Brandon Knight scored 22 points and Rodney Stuckey had 19 for the Pistons, who dropped their third straight.

Detroit led 103-100 in the second overtime before Wallace drove into the lane to get the Nets on the board. Johnson put them in the lead with a basket in the lane, making it 104-103, and after Greg Monroe wasn’t close on two free throws, Johnson added a free throw that made it 105-103 with 10.5 seconds left.

Knight missed a jumper, but the Nets’ Kris Humphries tipped it right to Kyle Singler under the basket, who tied it with 5.8 seconds to go. The Nets got the ball into Johnson, who was well defended by Prince before stepping back for the long jumper that had to be reviewed to see if it was a 2-pointer or a 3.

Wouldn’t have mattered. Johnson left no time for another Detroit comeback.

“It seemed like when he let it go, the ball is in the air forever,” Prince said. “If it was a situation where he got in the paint and made something, then I’d be a little bit upset. But those type of shots, you can’t control when a guy steps back and hits a 3-point shot for the win. I just feel so bad for our guys, man. They worked so hard for this, man. They fought and fought and fought.”

Brook Lopez had nine points in 23 minutes for the Nets after missing seven games with a sprained right foot. Coach Avery Johnson said his leading scorer would be limited to about half the game, so Lopez watched the extra periods. Johnson said the Nets would evaluate Lopez to see if he would play Saturday against the Bulls.
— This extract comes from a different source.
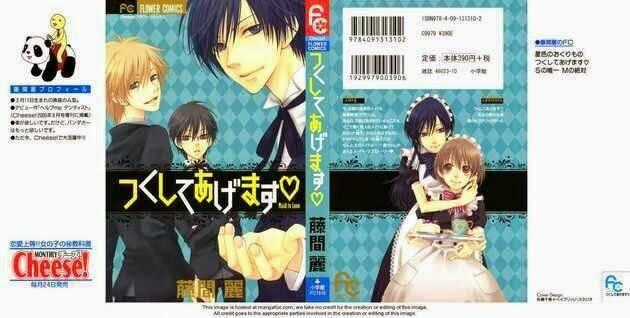 Tsukushite Agemasu - Chapter 1 - Trang 1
His return made an immediate difference for the Nets in the first half, but they couldn’t keep the Pistons off the backboards down the stretch, allowing them to come back.

Monroe had 17 points for the Pistons, who surrendered a 21-1 run in the second quarter, wiped out the Nets’ lead by the end of the third, went ahead in the closing minutes of the fourth, but couldn’t hold on to give coach Lawrence Frank, a Jersey guy and former Nets coach, a victory in his first game in Brooklyn.

“We showed great resolve, great fight and we competed extremely hard,” Frank said. “There’s no one there that’s happy with the consolation prize, (but) disappointed that we came up short because we know we got it in both regulation and overtime. We got the stop, We just couldn’t finish the play.”

Detroit, which lost a basket to a shot-clock violation after a video review, blew a six-point lead in the final 90 seconds of regulation. Stuckey had three baskets in the first extra period to give Detroit a two-point lead with 41 seconds left, before Johnson tied it on a floater with 18 seconds remaining. Stuckey then missed a jumper that could have won it.

Trailing by four in the second quarter, the Nets blew by the Pistons with the big run that gave them a 54-38 lead on Blatche’s layup with 2:38 to play. Brooklyn extended it to 17 points later in the period and was ahead 59-47 at halftime.

Notes: The Nets played without Jerry Stackhouse, who had a sore right knee. Johnson said Stackhouse was hurt when his leg crashed into Jason Kidd’s on Kidd’s tiebreaking 3-pointer with 24 seconds left in the Knicks’ 100-97 victory here on Tuesday. Stackhouse was called for a foul on the play. Johnson called the collision a “rough tumble.” … Frank, who coached the Nets from 2004 until early in the 2009-10 season, praised the Barclays Center, saying he’d been invited by the Nets to attend one of the Jay-Z concerts that opened the building in September.